There was only one car further ahead when he took the ticket of the last Muncie passenger, a heavily built, ill-tempered fellow.
     "What's the big delay?" he growled, drawing his watch and waving it before Stanley's eyes, "We've been sitting in this station almost a half hour now. Am I on the Mississippi Limited or a milk train?"
     "Sorry," Stanley apologized.
     "Sorry, sorry," the passenger exclaimed. "That won't get me into St. Louis on time."
     The pullman conductor's eyes flashed but he handed back the stub in silence.

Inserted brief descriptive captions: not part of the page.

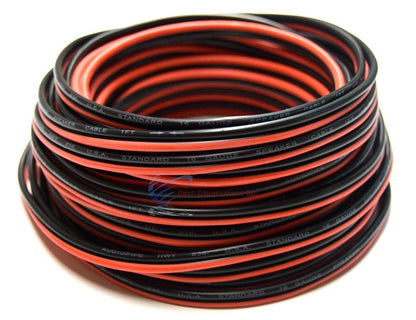 16 Gauge 50 Feet Speaker Wire Red Black Jacket Zip Cord Cable Copper Clad CCA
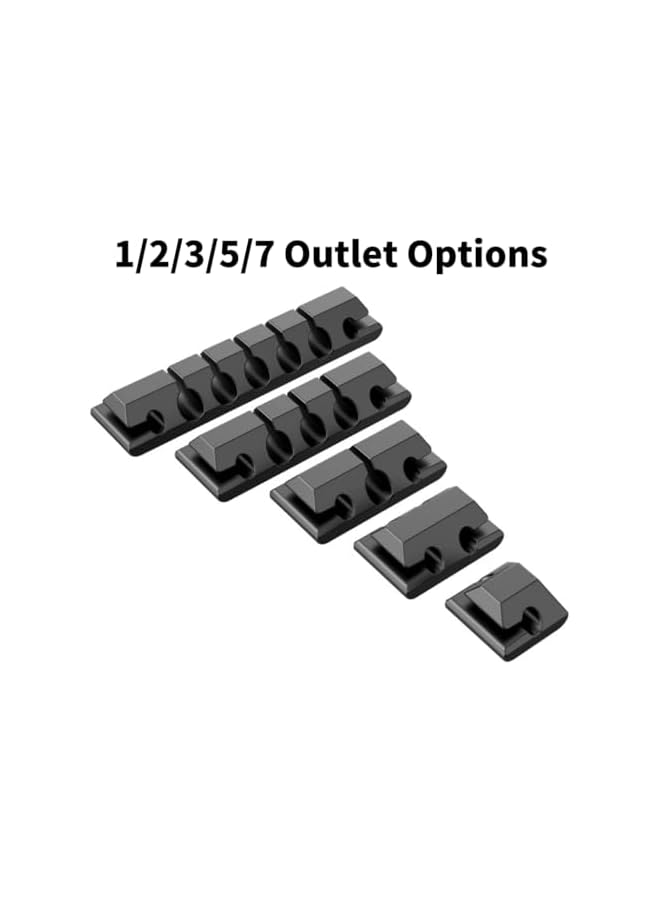 Green Tiger Cable Management Kit, 1/2/3/5/7 Outlet Cable Organizer, Acrylic Adhesive Desk Cord Organizer, Wire Cover, Wire Organizer, Under Desk Cable Holder, for Office and Home (5-Piece Set) - Image 2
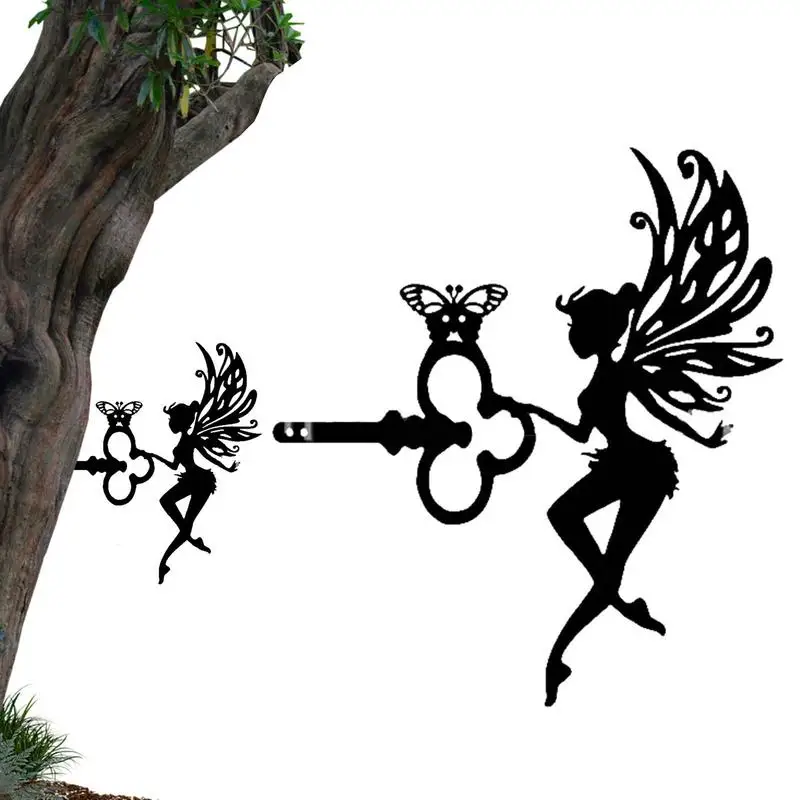 Garden Fairy Decor For Outside Waterproof Rustproof Black Angel Metal Stake Silhouette Portable Outdoor Decorations for trees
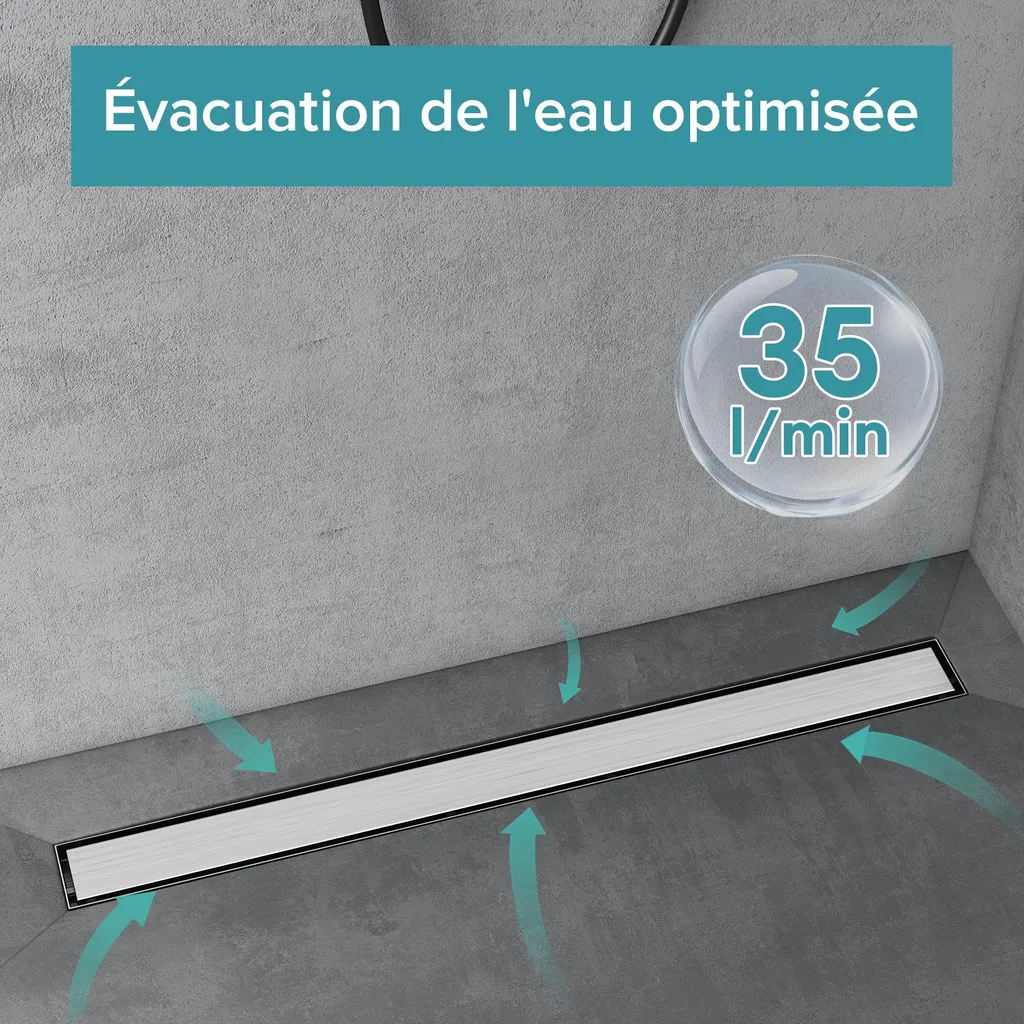 Caniveau de Douche Extra Plat 60cm Inox Chromé avec Siphon Anti-Odeur - 5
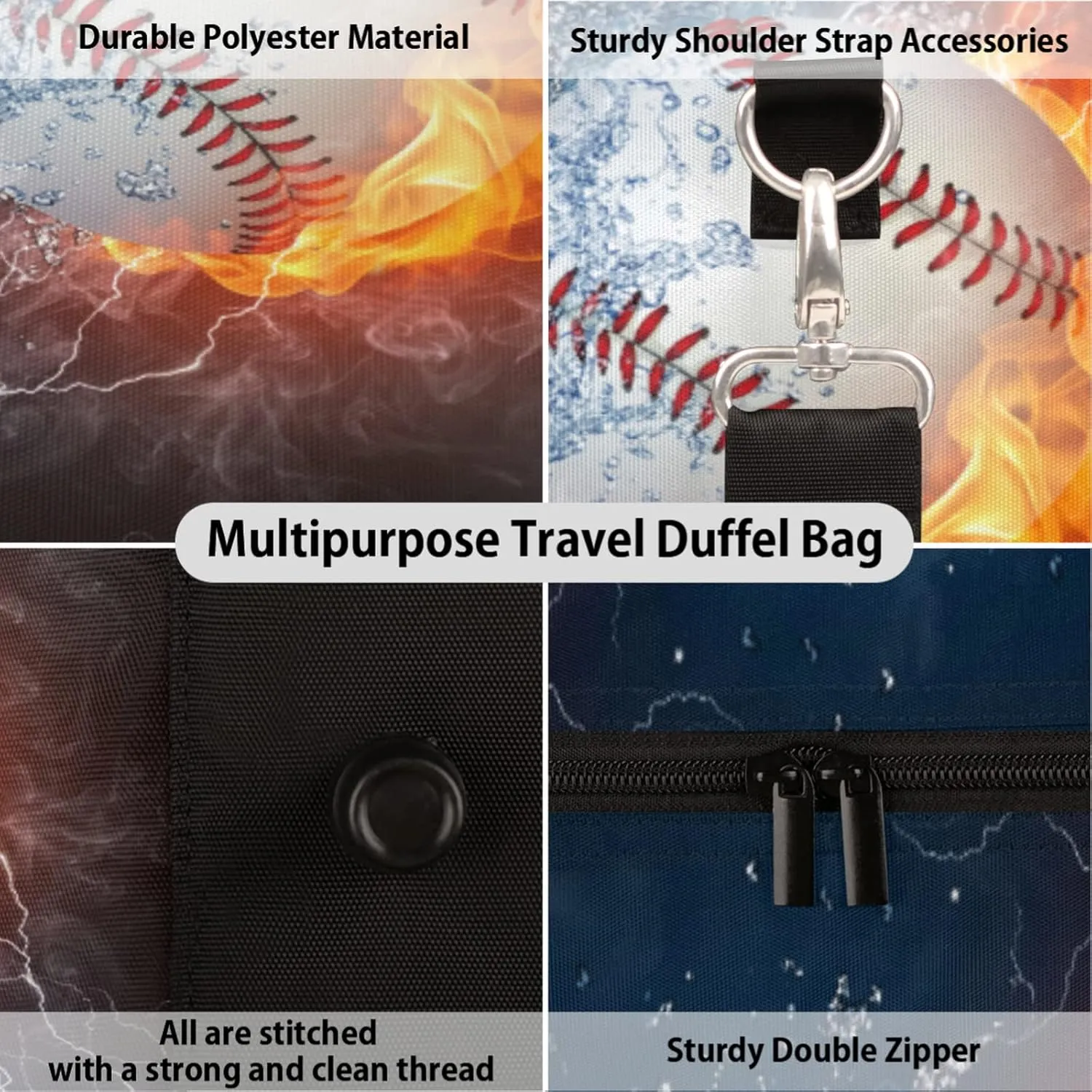 Travel Duffel Bag Fire Water Baseball Sport Tote Gym Bag Waterproof Foldable Carryon Weekend Overnight Training Handbag Sports Duffle Bags for Women Men Boys Girls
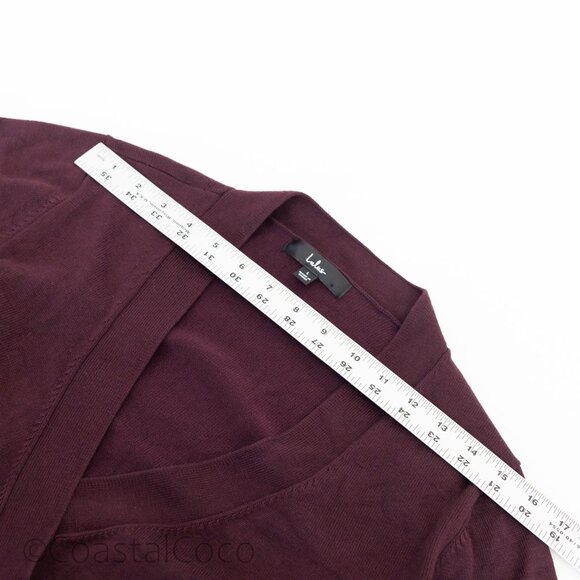 Lulus Literary Lover Plum Burgundy Wrap Sweater Dress L Stretchy Office Comfort - Picture 6 of 10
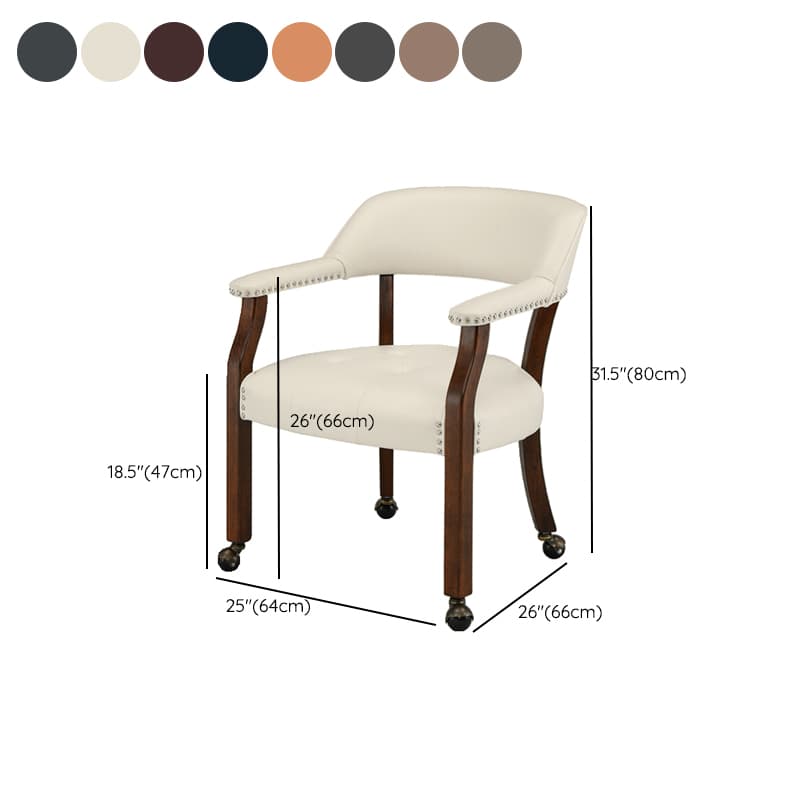 Sturdy Dining Room Arm Chair with Rollers, Decorative Nailhead, and Outlined Frame - image 19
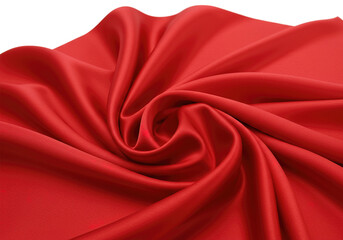 Obraz premium Bright red silk fabric draped in soft folds with smooth texture and vibrant color. The fabric's glossy surface highlights its luxurious and bold appearance. Isolated on white background.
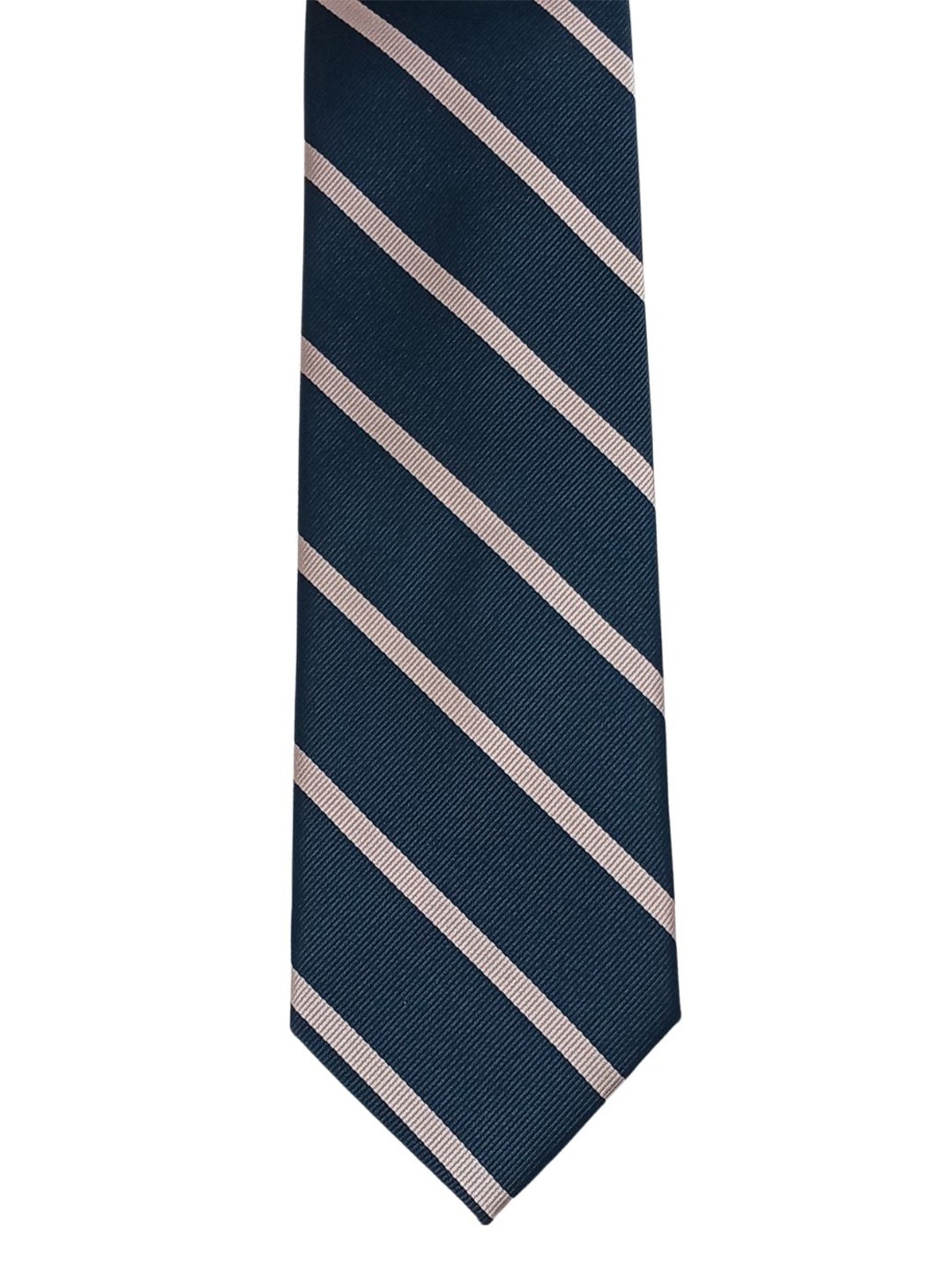 

The Tie Hub Men Striped Pure Silk Broad Tie, Navy blue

     He glanced in the lavatory on the way out. It was empty, as he had expected. He was getting into that frame of mind. There was only one more car ahead. He wondered how the killer had tricked him. He had vanished into thin air more completely than the hazy, blue pall of cigarette smoke that hung in the stuffy lavatory. Everything was in order in the last car.
     "Come back to that drawing room in the next car," he said, still frowning.
     Stanley knocked on the door again and pushed it open immediately. The man from Muncie was standing in the middle of the floor. "Now what?" Stanley smiled apologetically.
     "Sorry to disturb you again. Was there anyone in this drawing room when you came on board?"
     The man raised dark, heavy eyebrows curiously. "Why, no. I don't get you."
     Stanley opened the lavatory door again. The air inside was still thick with cigarette smoke and stale. Four or five butts were mashed on the floor. The drawing room was supposed to have been unoccupied until the man from Muncie boarded the train.
     Stanley regarded the passenger with shrewd, appraising eyes. They rested on his smooth black hair. His glance turned toward the upper berth.
     "Open that up," he said to the porter standing in the doorway. The passenger started and leaned forward.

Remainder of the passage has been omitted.